Иными словами, в страны СНГ бежали молодые мужчины без профессиональных связей, денег и четких планов на будущее. Здесь же фиксируются относительно большее число намеренных или вынужденных вернуться при высокой доле критически настроенных к Путину и его политике.

Релоканты в страны СНГ реже имеют семью и детей, не обременены материальными активами в России (в среднем 57 тыс. евро против 110 тыс. в Сербии — преимущественно, оставленное в РФ жилье) и отчетливо ориентированы на поиск любой работы в стране пребывания. Большинство из них не рассматривают страну пребывания как долговременное место жительства — скорее надеются или на возвращение в РФ, «когда все утрясется» (48%), или на дальнейшее перемещение в развитые страны.
Неустойчивость релокации в странах СНГ в значительной мере обусловлена недостаточным адаптационным потенциалом принимающей стороны — как в смысле материальной и социальной инфраструктуры, так и в смысле отношений с администрацией. В итоге релоканты испытывают массовое разочарование новыми условиями жизни.

Если в России не случится новой мобилизационной волны, количество релокантов в странах СНГ будет постепенно снижаться. Часть вернется в Россию, часть переедет в более перспективные страны проживания, и лишь незначительная часть осядет в странах СНГ.

Респонденты нашего исследования в целом по состоянию на 2025 год оценивают долю вернувшихся среди своих знакомых-эмигрантов в 22%. Несколько большее число, 31% знакомых-эмигрантов, по их мнению, за это время перебралось из СНГ и Сербии в развитые страны. Этот факт позволяет нам рассматривать совокупность стран, охваченных текущим исследованием как «страны транзита» или «транзитную зону» Отличия новых релокантов из России от миграции из других стран Вызванная войной волна миграции из России значительно отличается от большинства наблюдаемых сегодня миграционных потоков из других стран. Различие наблюдается и в причинах отъезда, и в социальном составе, и даже в моделях интеграции в принимающие страны.

Российские мигранты практически не формируют землячеств и диаспор. У большинства доминирует стремление в индивидуальном качестве встроиться в новую систему общественных отношений за счет личных усилий, не ожидая поддержки земляков. Ни в одной из принимающих стран миграции «новой волны» нет ничего похожего на Chinatown или Брайтон Бич, не говоря уже про закрытые этнические или религиозные
общины иммигрантов из Азии и с Ближнего Востока, упорно культивирующие в стране пребывания свои специфические нормы. Не наблюдается и попыток перетянуть за собой многочисленных родственников. Впрочем, низкая в сравнении с выходцами из других стран склонность к формированию сплоченных диаспор наблюдалась и в отношении предыдущих волн миграции из России и позднего СССР.

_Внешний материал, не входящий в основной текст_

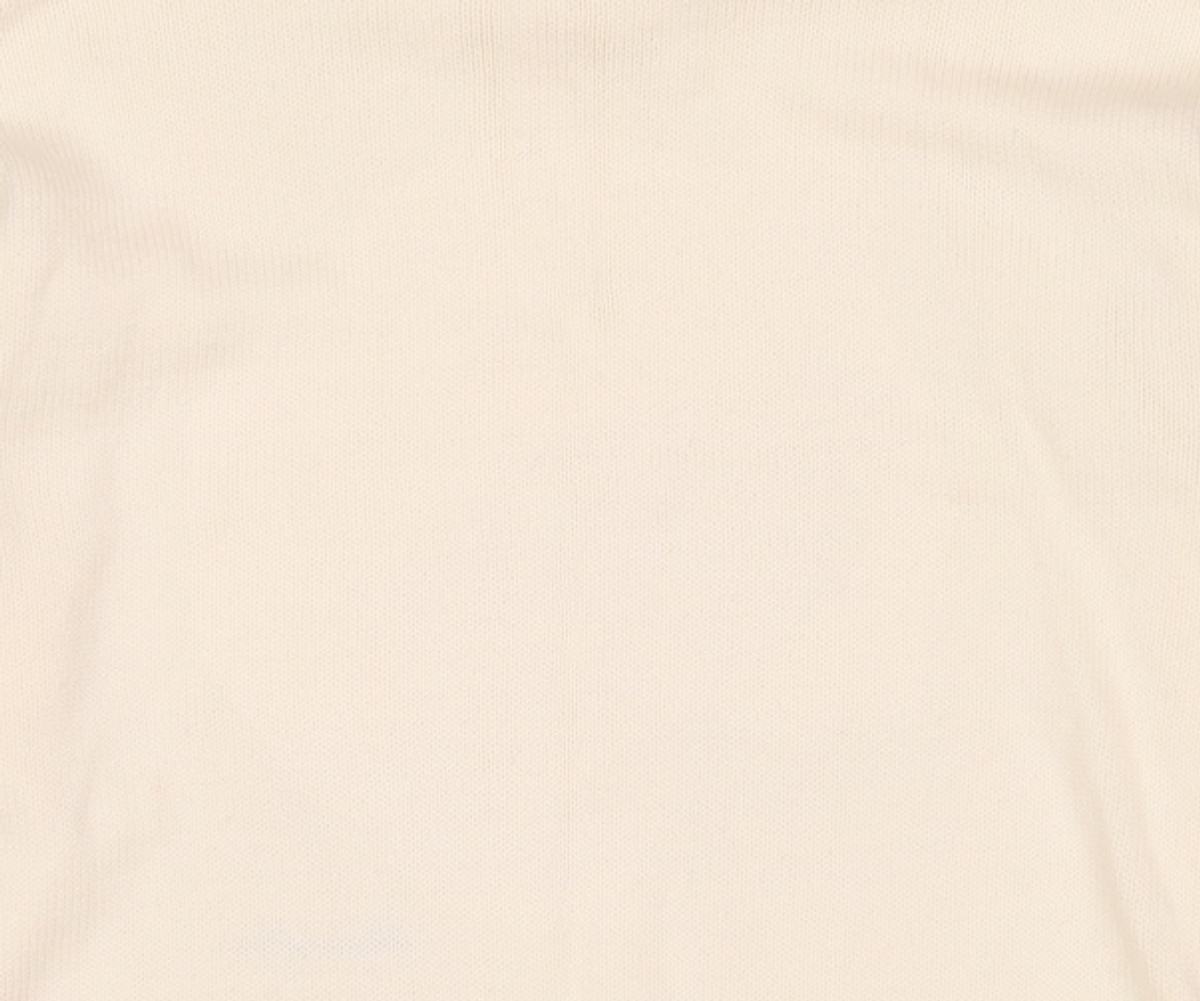 엠엠엘지(MMLG) [Mmlg] MELGE COLLAR KNIT (NATURAL SOAP) S
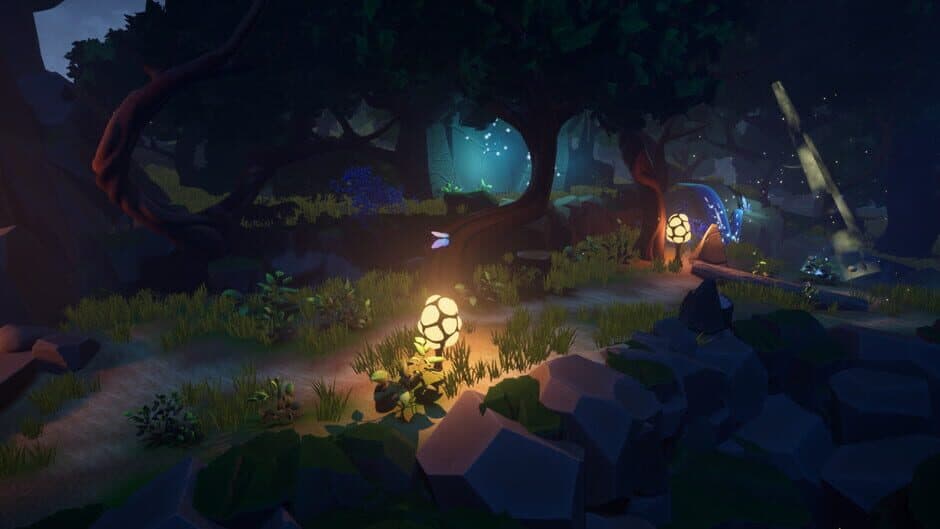 Keepers of the Trees screenshot 1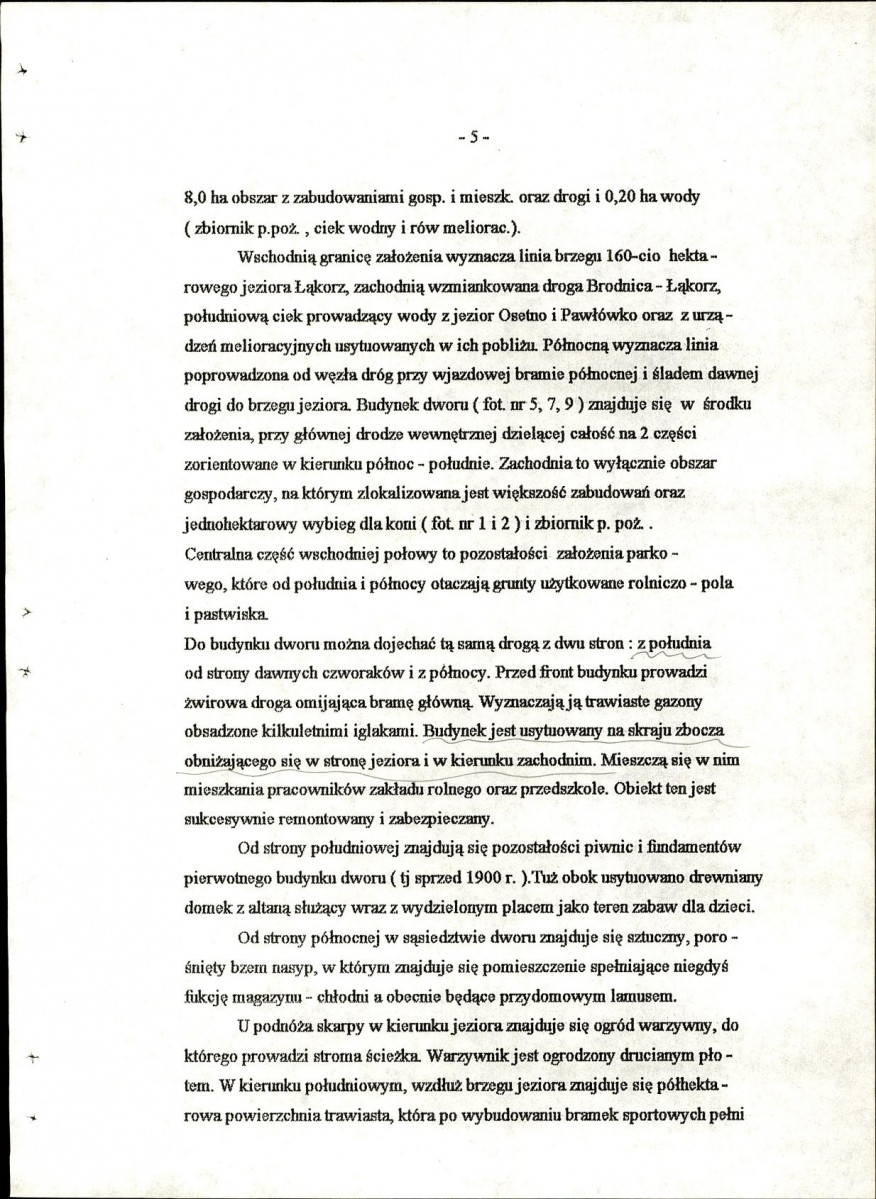 Ewidencja parkowa, skan nr 14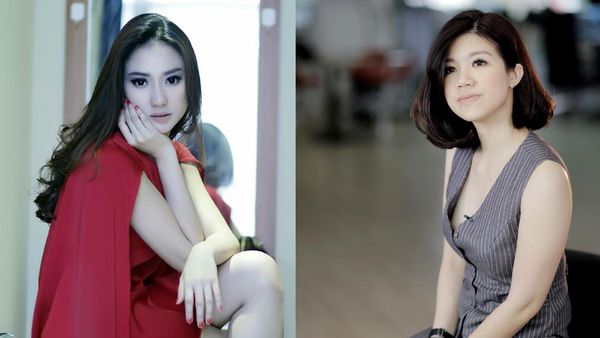 Seksinya Bella Luna, Penampilan Agatha Suci di detikHOT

Российские релоканты чаще жителей принимающих стран рассчитывают на собственные силы и не считают государство обязанным раздавать щедрую социальную помощь. Вынесенные из советского прошлого уроки обеспечили выходцам из России прививку против социально-распределительной левой идеологии. Это также сильно отличается от поведения и установок мигрантов в ЕС из многих других стран. Так, 60,7% опрошенных россиян в странах ЕС предпочитают полагаться больше на себя, чем на государство.

Три четверти релокантов последней волны покинули Россию не по экономическим, а по политическим причинам. У них нет стремления распространять в стране пребывания ценности путинской России, от которых они бежали. Более того, их собственные ценностные установки, в среднем, гораздо ближе к установкам стран Запада, нежели российского общества. Для сравнения: 43,5% трудовых мигрантов, прибывших в Россию, ставят нормы шариата выше светских законов6. Многие мигранты из других
стран в ЕС также часто склонны переносить собственные практики и обычаи в принимающие страны. Релоканты из РФ очень далеки от чего-то подобного. Они не объединены общим центром в виде церкви, офицерского собрания или газеты (что было характерно для волны белоэмиграции столетней давности) и представляют скорее совокупность атомизированных личностей, ничуть не настроенных вместе переделывать новую среду обитания под некие общинные представления о прекрасном. Коллективная идентичность у этих людей имеет весьма зыбкие очертания.

Если российская релокация в зоне транзита чем-то и объединена, то скорее негативными факторами: общей неприязнью к режиму Путина и его политике. В охваченных нашим исследованием странах в поддержку России в российско-украинском конфликте высказались лишь 4% при 70% в поддержку Украины: почти двадцатикратная разница.

Коренное население в любой из принимающих стран демонстрирует заметно меньший уровень поддержки Украины в данном конфликте.
Каждая последующая волна релокации несла с собой нарастающую неприязнь к политике РФ. В странах ЕС в группе выехавших до 2014 года полностью или частично не одобряли политику Путина 56%. В группе выехавших после начала полномасштабного вторжения число не одобряющих выросло до 66%. Среди уехавших после объявления мобилизации таких людей 79%. В странах транзита среди покинувших Россию после оккупации Крыма, но до полномасштабного вторжения политику Путина осуждали 74%; среди более поздних иммигрантов (с февраля 2022 года) число таких людей уже составило 89–91%.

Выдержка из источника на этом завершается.